L'entreprise alimentaire Barbey SA demande 3,5 millions de dédommagement à Unia et dépose plainte contre un secrétaire syndical

Suite à une grève de deux jours et demi en 2010, Barbey SA demande 3,5 millions de dédommagement à Unia. En outre, l'entreprise alimentaire de Granges-Marnand a porté plainte contre le secrétaire syndical en charge du dossier pour diffamation.

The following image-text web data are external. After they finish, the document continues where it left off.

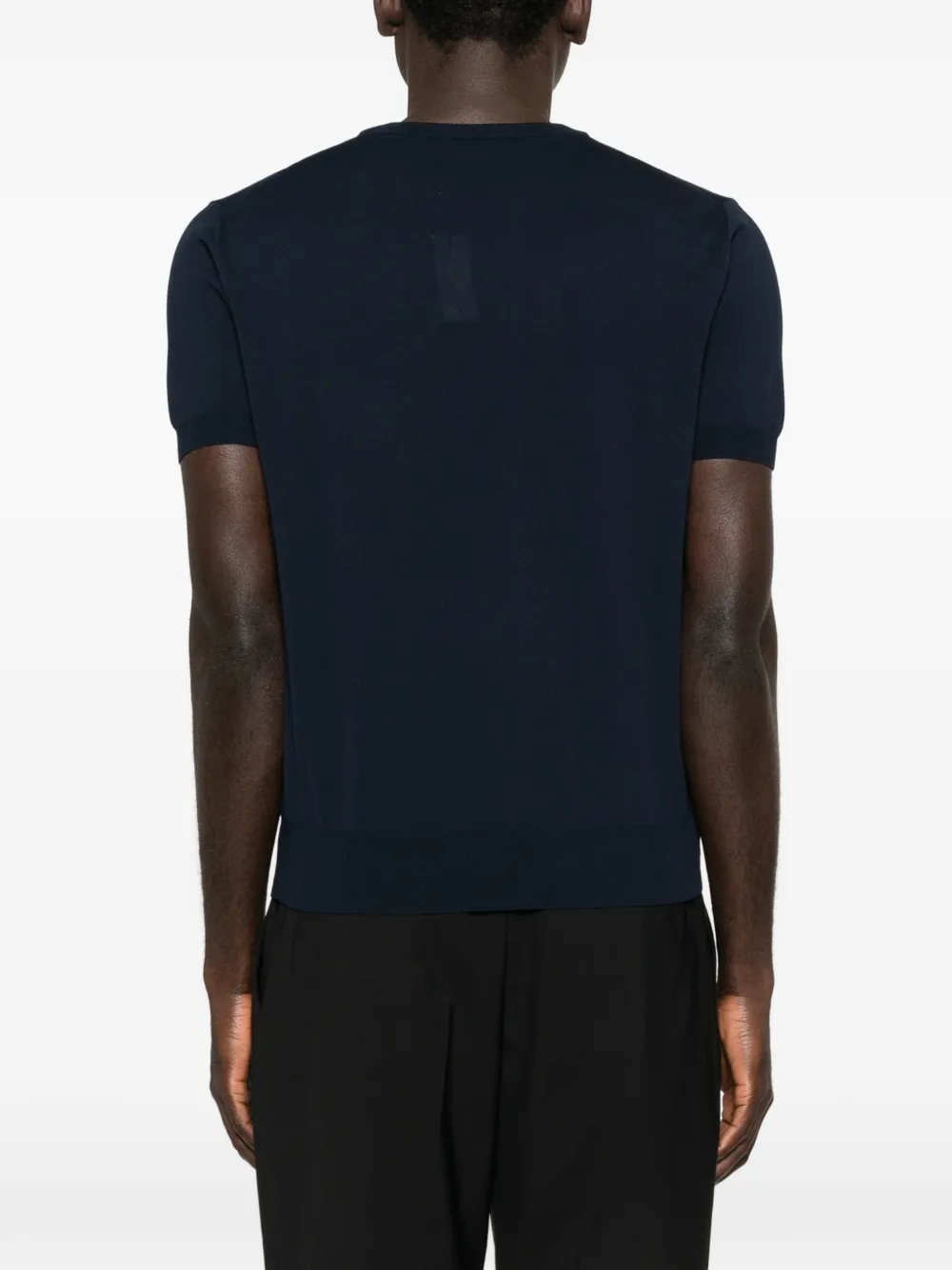 Canali Gebreid T-shirt Blauw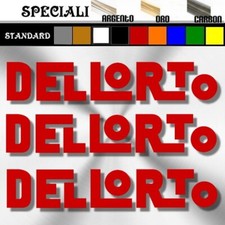 3 adesivi DELLORTO prespaziato, auto moto,scooter 15cm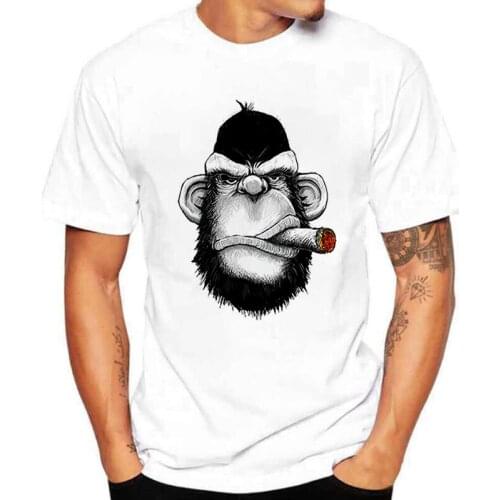 Summer Fashion 2020 Mens T-shirts Funny Orangutan smoking Print t shirt Men Casual O-Neck Tshirt Funny T-shirt homme Top Tees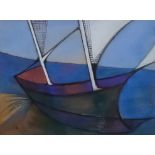 ***Inez Hoyton (1903-1983) - Pastel and gouache - Abstract of a beached fishing boat, signed in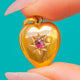 Dainty Antique 15ct Gold Star Ruby Puffy Heart Charm, c.1892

Un recours vient d'être déposé contre la décision du Ministère public qui a donné raison à Barbey SA. Pour Unia, c'est une attaque frontale contre le travail syndical et le droit de grève.

«C'est une attitude crasse d'une entreprise qui viole les libertés syndicales et se permet de mener une attaque contre les droits des salariés.» C'est en ces termes que Jean Kunz, secrétaire syndical à Unia Vaud, a introduit la conférence de presse sur l'affaire qui oppose le syndicat à Barbey SA. C'est que la direction de l'entreprise alimentaire de Granges-Marnand, qui ne demande pas moins de 3,5 millions de dédommagement à Unia, suite à une grève de deux jours et demi en 2010, a déposé une plainte pénale contre le secrétaire syndical en charge du dossier, Pierre-André Charrière.
L'histoire commence en 2009 déjà. Plusieurs salariés se plaignent alors que leurs heures de travail sont trafiquées par la direction: elles sont comptabilisées non pas en fonction des heures effectuées mais de celles déterminées par la direction selon les tâches à effectuer. Lorsque le syndicat tente d'entrer en dialogue avec Barbey au printemps 2010, la direction rétorque, en substance, que les travailleurs n'ont qu'à travailler plus vite.
A ces «tricheries sur la timbreuse», s'ajoutent d'autres violations de la loi sur le travail comme, entre autres, des temps de repos quotidien non respectés et du travail de nuit sans autorisation.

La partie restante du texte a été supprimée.